* What is expected:
Return the listing below exactly, with the pictures dropped.

○ ○ ○ ○

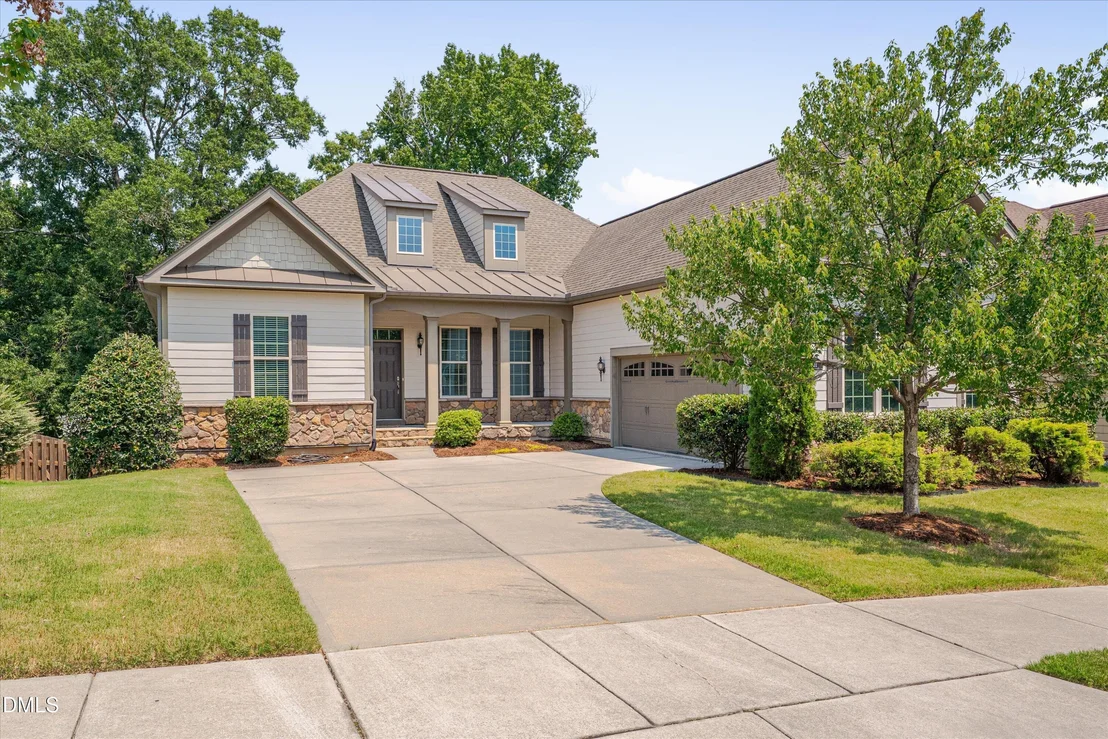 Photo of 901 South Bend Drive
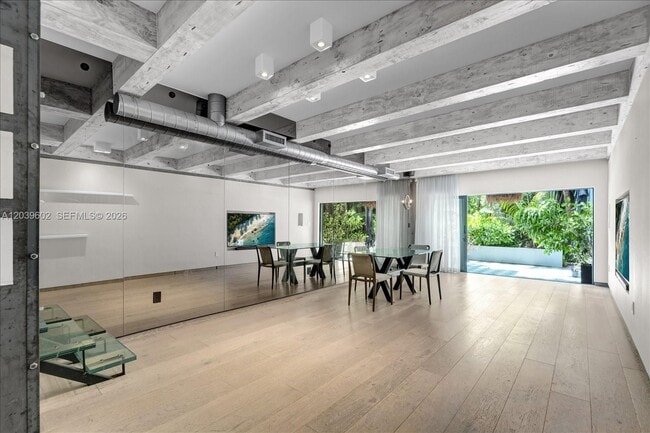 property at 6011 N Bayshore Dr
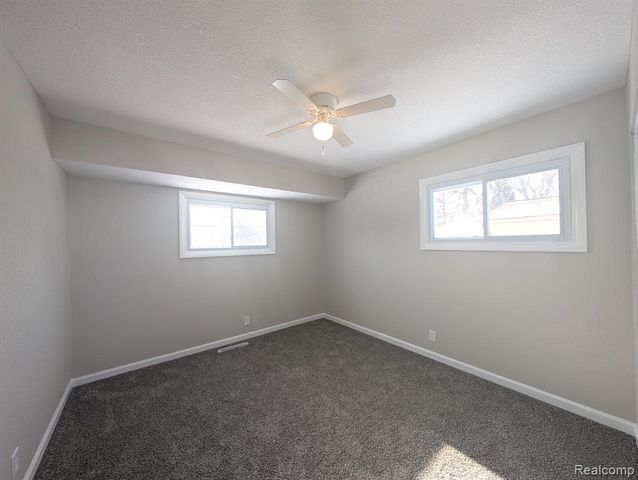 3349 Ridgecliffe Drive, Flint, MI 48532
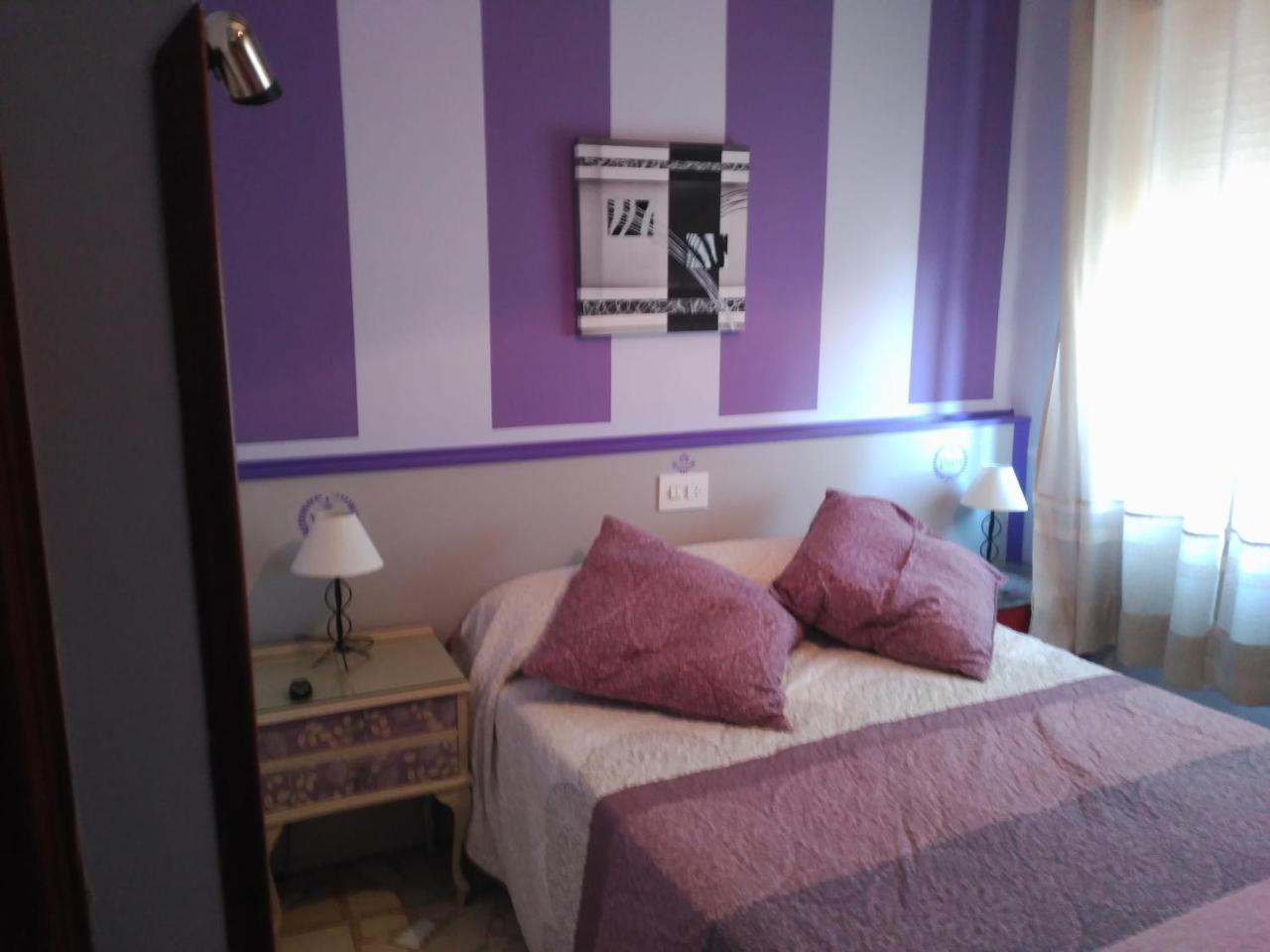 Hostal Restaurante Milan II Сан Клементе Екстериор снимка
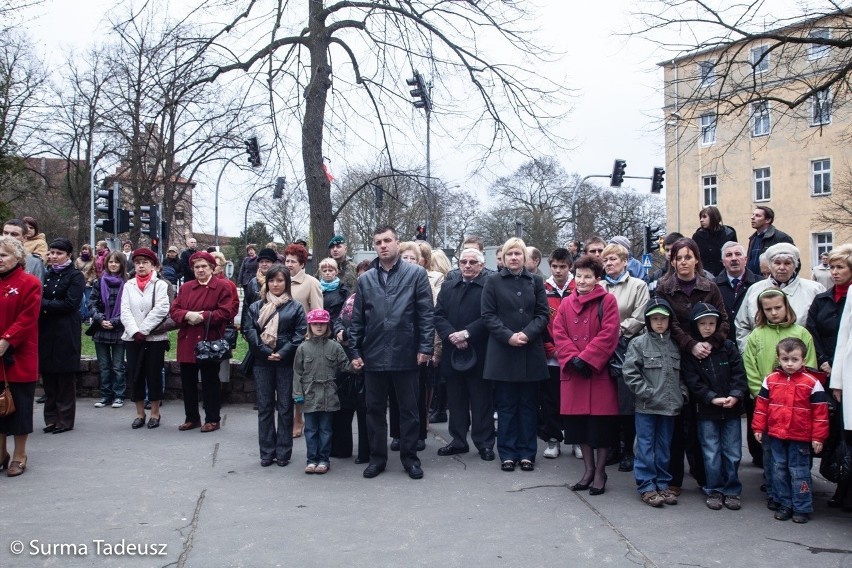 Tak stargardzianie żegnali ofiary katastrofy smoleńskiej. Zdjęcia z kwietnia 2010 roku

○ ○ ○ ○

* Expected answer:
 Photo of 901 South Bend Drive
 property at 6011 N Bayshore Dr
 3349 Ridgecliffe Drive, Flint, MI 48532
 Hostal Restaurante Milan II Сан Клементе Екстериор снимка
 Tak stargardzianie żegnali ofiary katastrofy smoleńskiej. Zdjęcia z kwietnia 2010 roku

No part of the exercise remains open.